I don’t know why the crocodile cries either.
Inés’s crocodile has become a “transitional object.” As in her previous projects, the artist engages with a material element through processes of active listening and imagination, freeing it from its previous lives and endowing it with its own relational stories. To develop these new narratives, the artist attends to her transitional object and takes note of the memories, tales, and desires it whispers in her ear. In Pantano (Swamp), Inés focuses on a taxidermy piece to unravel the symbolic dimension of the crocodile figure and reweave it with a crochet needle. The works that make up the exhibition trace the birth and development of the crocodile-woman, functioning as a second skin composed of colorful crocheted scales.

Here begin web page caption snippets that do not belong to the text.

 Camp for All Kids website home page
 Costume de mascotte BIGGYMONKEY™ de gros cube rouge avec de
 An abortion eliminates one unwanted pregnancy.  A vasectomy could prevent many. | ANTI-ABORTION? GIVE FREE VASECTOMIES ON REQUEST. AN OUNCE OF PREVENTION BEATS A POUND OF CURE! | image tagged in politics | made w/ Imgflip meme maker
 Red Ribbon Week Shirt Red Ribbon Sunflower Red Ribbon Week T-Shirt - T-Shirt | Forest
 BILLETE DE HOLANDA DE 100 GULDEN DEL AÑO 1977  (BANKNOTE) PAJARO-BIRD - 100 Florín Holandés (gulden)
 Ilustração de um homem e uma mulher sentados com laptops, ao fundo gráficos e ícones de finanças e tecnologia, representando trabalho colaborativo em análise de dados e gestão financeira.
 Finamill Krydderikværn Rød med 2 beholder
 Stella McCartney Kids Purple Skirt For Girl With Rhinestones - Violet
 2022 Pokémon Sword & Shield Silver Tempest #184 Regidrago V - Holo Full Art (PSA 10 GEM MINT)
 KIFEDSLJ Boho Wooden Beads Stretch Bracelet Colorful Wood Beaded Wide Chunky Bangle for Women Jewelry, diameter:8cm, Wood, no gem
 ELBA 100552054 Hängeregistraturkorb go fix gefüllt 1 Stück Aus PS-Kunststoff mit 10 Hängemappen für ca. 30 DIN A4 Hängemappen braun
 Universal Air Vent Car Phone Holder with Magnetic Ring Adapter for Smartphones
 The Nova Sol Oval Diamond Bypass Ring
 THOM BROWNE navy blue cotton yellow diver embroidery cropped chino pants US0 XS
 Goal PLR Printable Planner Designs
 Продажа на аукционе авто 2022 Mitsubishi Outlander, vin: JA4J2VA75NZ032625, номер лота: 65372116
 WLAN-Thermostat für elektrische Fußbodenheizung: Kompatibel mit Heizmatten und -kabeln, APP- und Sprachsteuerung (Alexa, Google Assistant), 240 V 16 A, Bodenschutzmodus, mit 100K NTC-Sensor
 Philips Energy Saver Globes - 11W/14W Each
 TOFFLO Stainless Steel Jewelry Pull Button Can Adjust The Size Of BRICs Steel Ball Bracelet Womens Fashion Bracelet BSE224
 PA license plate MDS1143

If my children didn’t see me, I would cry too.
With their powerful jaws, crocodiles do not chew—they bite and swallow, shaking their prey until it is torn apart. The jaws of a mother-crocodile are both transport chambers and crushing machines. To move her newborns, the mother carries them inside her mouth. Open, it is a safe cradle; closed, a tunnel with no exit.
In any case, I still don’t know why the crocodile cries.
In Pantano, hands become claws and snouts become lips. The new life of Inés’s crocodile unfolds throughout the exhibition. Allusions to the maternal concept in Lacanian psychoanalysis enter into dialogue with a message of planetary ecological urgency: Mother Nature, with her great crocodile mouth, may devour her children at any moment. Through its inverted, transparent eyelids, the crocodile cries. Perhaps for its wild memories that resist domestication. Perhaps for the maternal ravage that keeps it suspended between water and land. Surely, for its own survival.
*The titles of each section come from Inés Verdugo’s notebooks and functioned as catalysts for ideas. Therefore, this is a collaboratively written text.